MAMMON, CLASH OF CIVILIZATIONS AND THE NEW WORLD ORDER

By Mathew Maavak

The "Clash of Civilisations" and "New World Order" are present day simmering topics that have heated up further in the wake of the yet to be concluded Iraqi imbroglio. But is there any credibility to these grandiloquent discourses? Or are they factitiously trumpeted by power-mongers who use them as stalking horses?

Samuel P. Huntington is the foremost proponent of the Clash of the Civilisations thesis. One of his central themes revolve around the inherent conflict between the Western and Islamic worlds, grounded on the antipodal values of the two dominant religions.

One synoptic leitmotiv of this work is Barry Buzan’s vision of a civilisational cold war emerging between "the West and Islam" which has its roots in the "historical rivalry between Christianity and Islam…jealousy of Western power," and "the invidious comparison between the accomplishments of Islamic and Western civilisation in the last two centuries."

Another salient point is that the "sources of conflict between states from different civilisations are, in large measure, those which have always generated conflict between groups: control of people, territory, wealth and resources, and (the) relative power to impose one’s own values, culture and institutions on another group as compared to that group’s ability to the reverse."

While Huntington’s work certainly does resonate within a limited paradigm, we shall see if it can be readily extrapolated to the larger international arena.

First of all, is there clash between Islam and Christianity?
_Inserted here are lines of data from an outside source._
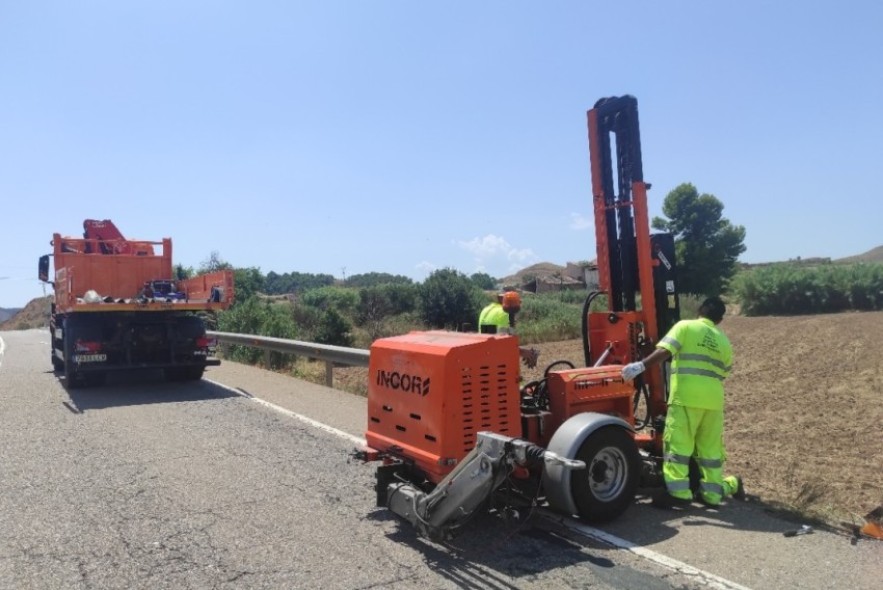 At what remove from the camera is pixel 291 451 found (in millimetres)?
7516

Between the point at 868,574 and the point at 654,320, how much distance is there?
8.92ft

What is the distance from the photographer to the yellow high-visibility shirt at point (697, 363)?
571 centimetres

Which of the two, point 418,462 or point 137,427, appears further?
point 137,427

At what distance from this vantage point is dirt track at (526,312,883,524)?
20.8 feet

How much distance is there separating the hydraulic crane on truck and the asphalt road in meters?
0.29

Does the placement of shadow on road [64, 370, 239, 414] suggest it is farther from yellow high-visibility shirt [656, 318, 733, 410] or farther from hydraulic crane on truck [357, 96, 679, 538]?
yellow high-visibility shirt [656, 318, 733, 410]

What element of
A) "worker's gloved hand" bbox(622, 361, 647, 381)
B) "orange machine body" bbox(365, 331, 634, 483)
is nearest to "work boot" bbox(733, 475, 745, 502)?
"orange machine body" bbox(365, 331, 634, 483)

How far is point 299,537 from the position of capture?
195 inches

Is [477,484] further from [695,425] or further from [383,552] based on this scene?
[695,425]

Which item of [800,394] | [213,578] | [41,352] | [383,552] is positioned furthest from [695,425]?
[41,352]

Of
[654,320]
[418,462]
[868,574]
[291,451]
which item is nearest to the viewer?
[868,574]

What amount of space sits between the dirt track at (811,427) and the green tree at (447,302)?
44.9 feet

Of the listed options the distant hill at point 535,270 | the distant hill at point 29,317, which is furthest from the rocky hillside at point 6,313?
the distant hill at point 535,270

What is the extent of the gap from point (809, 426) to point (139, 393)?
10.5 m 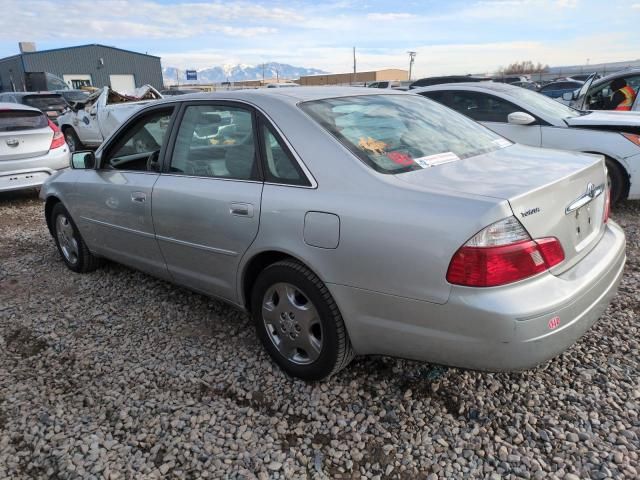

It certainly does exist in the Weltanschauung of the former domain, as any long-time resident of an Islamic nation can testify. Islamic texts, vitriolic sermons from mosques and the call to "resist" (a term made as deliberately nebulous as the word Jihad) infidels are almost a routine fare all across the Muslim world. And it gains impetus with any new attack – real or otherwise – against an Islamic nation.

The most recent test of this "clash" thesis is Iraq, where The US had contemptuously dismissed virtually every rule in International Relations and performed callisthenics on the crude power-based concept of Realism. But as ex-foes Saddam and the imams suddenly found common ground to resist the infidel armies (actually just two besides Aussie hangers-on), one should again analyse whether this is really a clash between antipathetic cultural/religious systems. The events in Iraq throw the first clue while this essay works counter-chronologically.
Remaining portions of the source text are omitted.